→ WHAT IS REQUIRED
Taking the line with "Cool Papa Bell" as the first, copy every line through the end of the records below exactly. Do not include pictures.

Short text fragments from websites
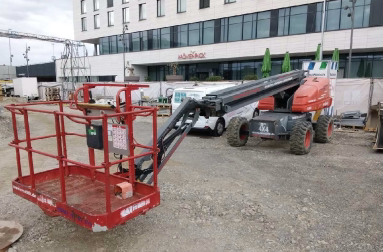 Skyjack SJ66 T Teleskoparbeitsbühne Diesel 22,12 m Arbeitshöhe #2475278 - #2475518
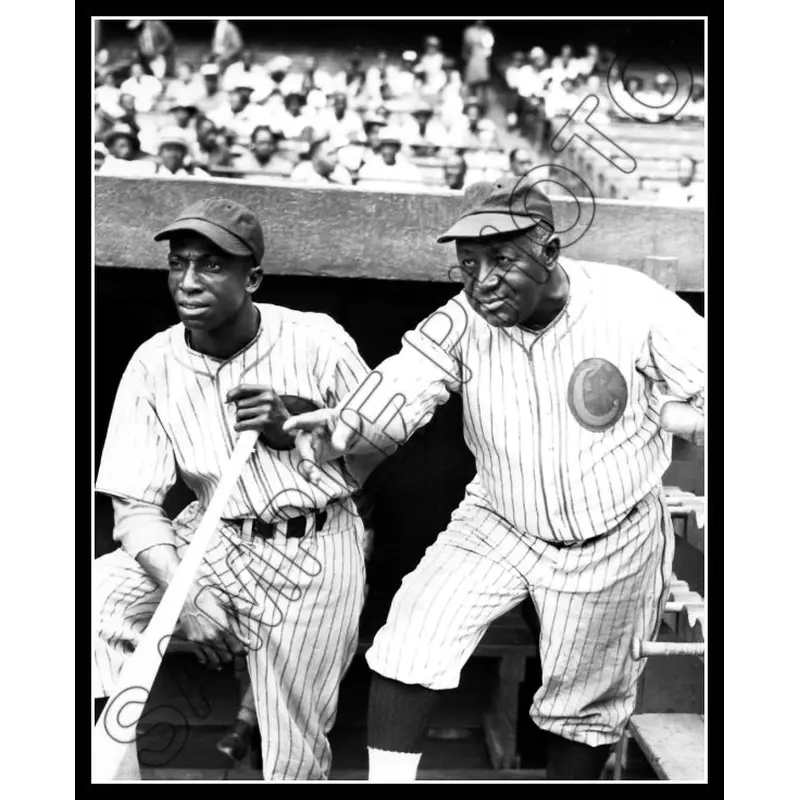 Cool Papa Bell Jim Taylor 8X10 Photo - Negro Leagues - 901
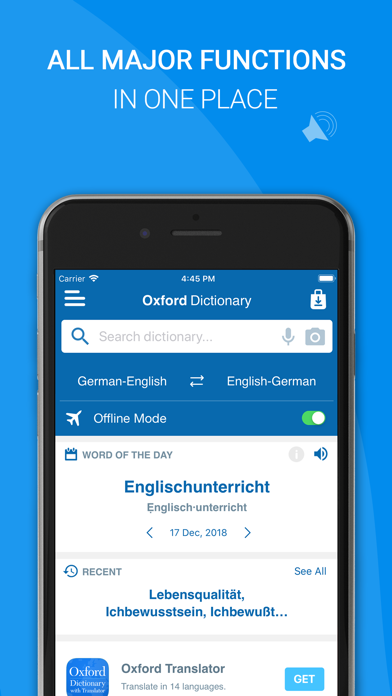 Oxford German Dictionary 2018のおすすめ画像4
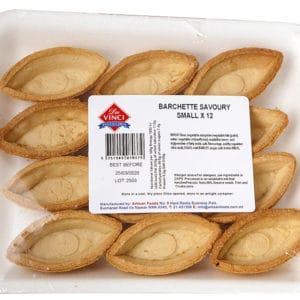 Da Vinci small barquettes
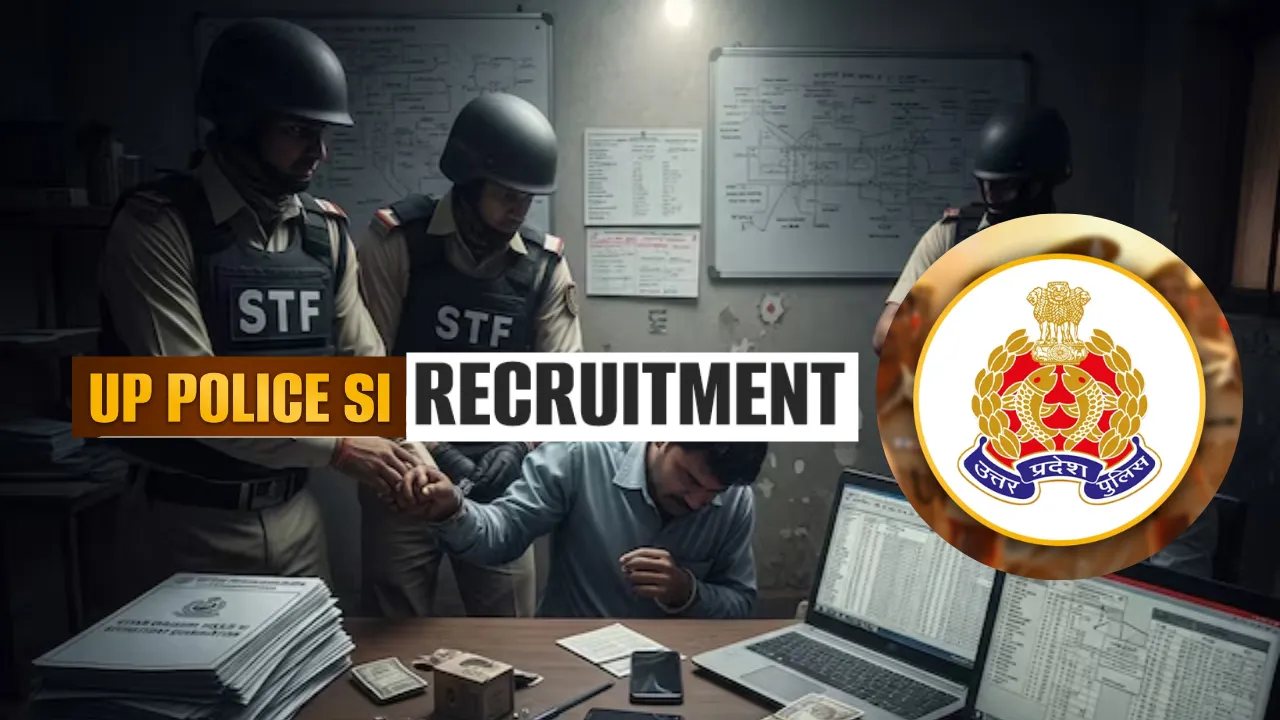 UP Police SI Recruitment: मथुरा, आगरा से राजस्थान तक फैला ठगी गिरोह का जाल... STF गिरोह की खंगाल रही कुंडली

→ SOLUTION TO THIS PROBLEM
 Cool Papa Bell Jim Taylor 8X10 Photo - Negro Leagues - 901
 Oxford German Dictionary 2018のおすすめ画像4
 Da Vinci small barquettes
 UP Police SI Recruitment: मथुरा, आगरा से राजस्थान तक फैला ठगी गिरोह का जाल... STF गिरोह की खंगाल रही कुंडली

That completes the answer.